Alternatively, it may be also depend on the individual parental care,
moderated by the food availability experienced by the female spawner.
At 26qC the incubation period (the period from fertilization of hatching
lasted between 48 hr-96 hr). Zaki and Abdula (1983) and Herath (1988)
reported shorter incubation period for fish embryo at higher temperature.
Therefore, the development of a fish embryo is clearly temperature
dependent as in most fish species (De Graaf and Janssen, 1996).

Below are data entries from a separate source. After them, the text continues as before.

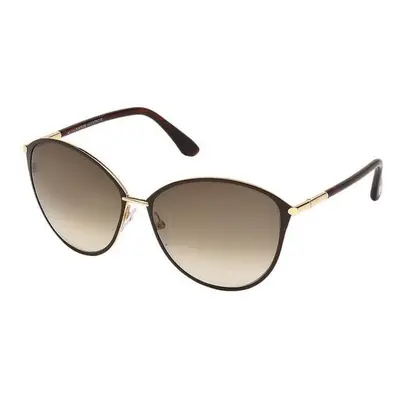 Tom Ford Penelope FT0320 28F - ONE SIZE (59)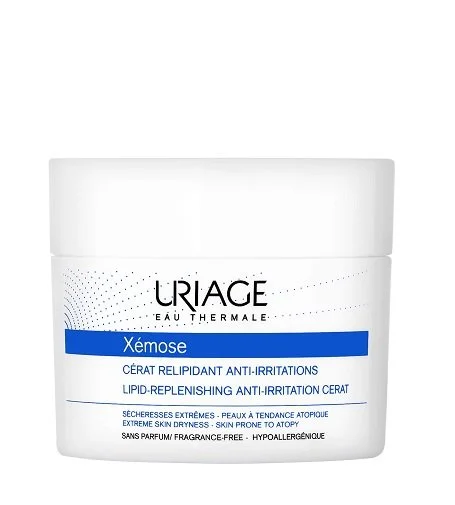 Xémose beruhigende Salbe 200 ml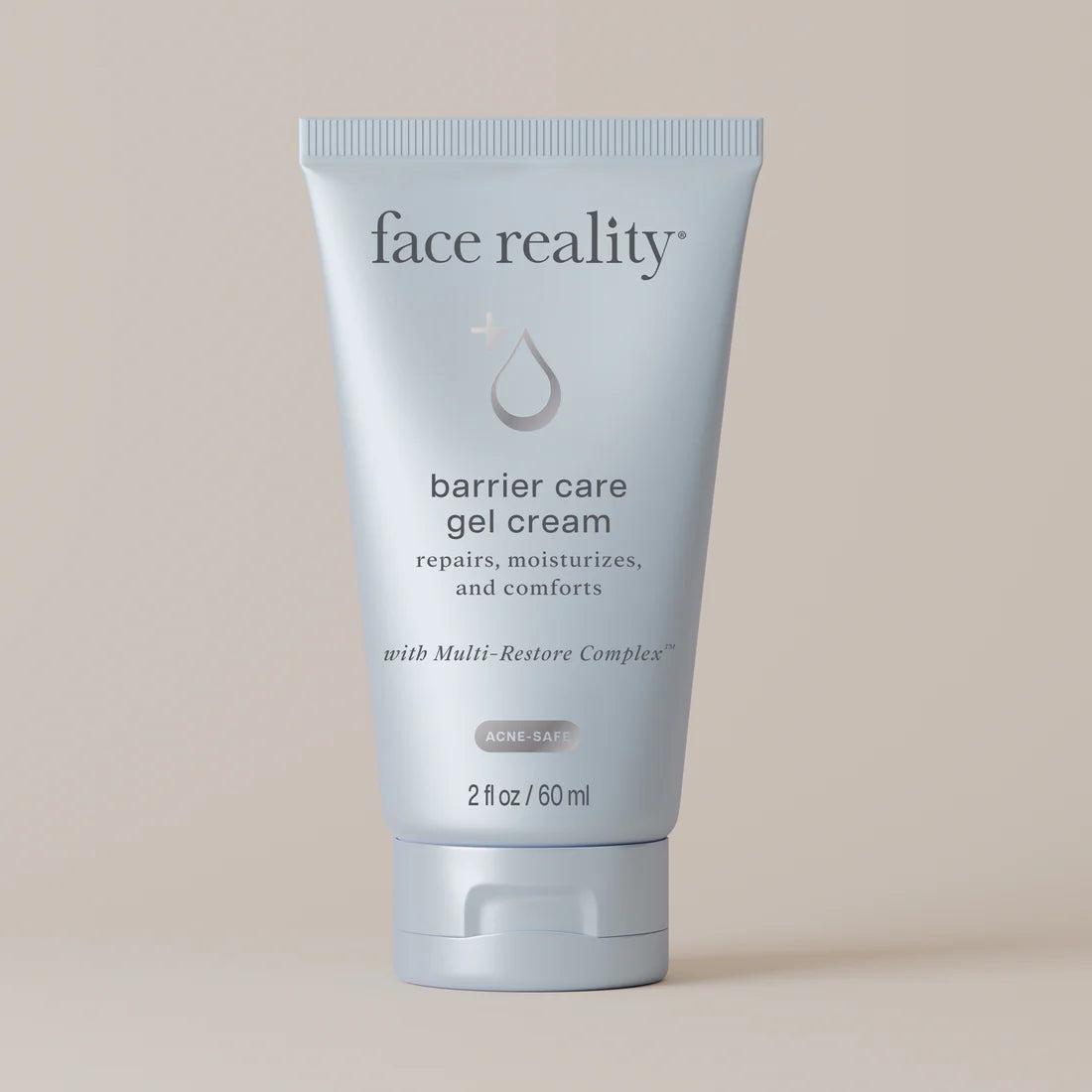 Barrier Care Gel Cream - Face Reality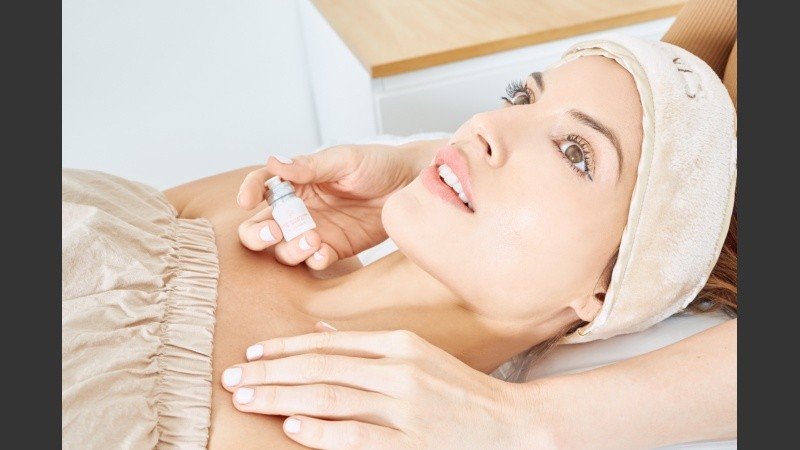 Lejos del bronceado como tendencia, la piel cuidada y saludable cobró más relevancia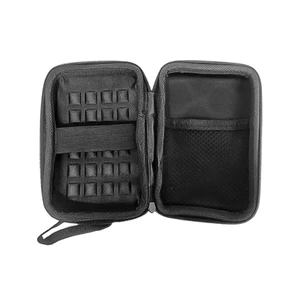 کیف هارد اکسترنال ضد ضربه مدل HB-050 (محافظ هارد ۲.۵ اینچی) 2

The zebra fish egg is telolecithal, cleavage in meroblastic and
discoidal. All teleosts show a discoidal meroblastic cleavage pattern,
where the large yolk volume restricts cell division to a small area at
the animal pole close to the micropyle (Hall et al., 2004). The pattern
of cleavage recorded have for D. rerio did not differ from that in
other teleosts such as oryzias latipes, Cichlasoma dimerus and
Gadus morhua (Kimmel et al., 1995; Meijide and Guerrero, 2000) or in
catfish, e.g. P. suchi (Islam, 2005) and M. montanus (Arockiaraj et al., 2003).

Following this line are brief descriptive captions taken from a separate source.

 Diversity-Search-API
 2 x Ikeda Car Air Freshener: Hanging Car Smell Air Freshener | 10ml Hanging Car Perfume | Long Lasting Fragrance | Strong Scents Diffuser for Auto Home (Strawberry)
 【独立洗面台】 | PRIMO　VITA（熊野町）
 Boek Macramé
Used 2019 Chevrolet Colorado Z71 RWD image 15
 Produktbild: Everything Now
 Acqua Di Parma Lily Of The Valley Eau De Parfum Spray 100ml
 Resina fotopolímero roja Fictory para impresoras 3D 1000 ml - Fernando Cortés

However, niter and intra-specific variation exists in the cleavage
pattern (Hall et al., 2004). For example, the first horizontal cleavage
occurs between 32-cell and 64-cell stage in D.rerio and in C. dimerus
(Kimmel et al., 1995; Meijide and Guerrero, 2000), but it is early
observed between 16 and 32-blastomeres in C.gariepinus and medaka
O. latipes (Iwamatsu, 1994). Different timining for the blastula and
morula stage were reported for cyprinid fish Kimmel et al., 1988; 1995;
Thomas and Waterman 1978), but are still congruent with the
observations reported in the present experiment. Gastrulation in
zebrafish starts after the movement of cells over the surface of the yolk
(epiboly) and was observed at the 50% epiboly stage which similar to
the pattern reported by Warga and Kimmel, 1990.
In contrast, the
beginning of gastrulation the 50% epiboly stage was observed in
common carp. Generally, previous observations on the early development
of D. rerio (Kimmel et al., 1995; Warga and Kimmel, 1990) and also on
other teleost fish Cichlasoma dimerus (Meijide and Guerrero, 2000)

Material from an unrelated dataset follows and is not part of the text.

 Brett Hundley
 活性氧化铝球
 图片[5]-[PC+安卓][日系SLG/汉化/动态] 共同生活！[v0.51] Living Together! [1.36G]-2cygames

agree with the pattern described in the present study, thus confirming the
basic uniformity of teleost development particular in pre-hatching stages.
The newly hatched embryos of D. rerio were characterized
by a large yolk sac which they nourished for 120 hr pH.
At high
temperature (30qC), the yolk sac period lasted within 48 hr pH stage
(Verreth et al., 1992) which indicating the temperature regime might
be influenced the period yolk sac stage. In the present observations,
the terminal mouth, the jaws, the eyes of D. rerio became well
developed at 96 hr pH stage. Active feeding might be initiated as early
as 24 hr before the complete resorption (120 hr pH) of the yolk sac.
In contrast, active feeding of free embryo in assumed inefficient
(Osse, 1990) due to the delayed jaw function. Additional support for
an early onset of external feeding is the morphologic evidence for an
early function of the sensory organs. According to the hypothesis of
Kawamura and Washiyama (1989), vision is the most important sense
of fish larvae used for feeding and prey detection, which is supported
by well developed eyes at 96 hr pH stage in zebrafish. However, one
has to consider that a functional digestive system is completed only
5 days after the onset of exogenous feeding (Verreth et al., 1992) on
the other hand, this might even raise pressure for efficient foraging
compensating for insufficient digestion.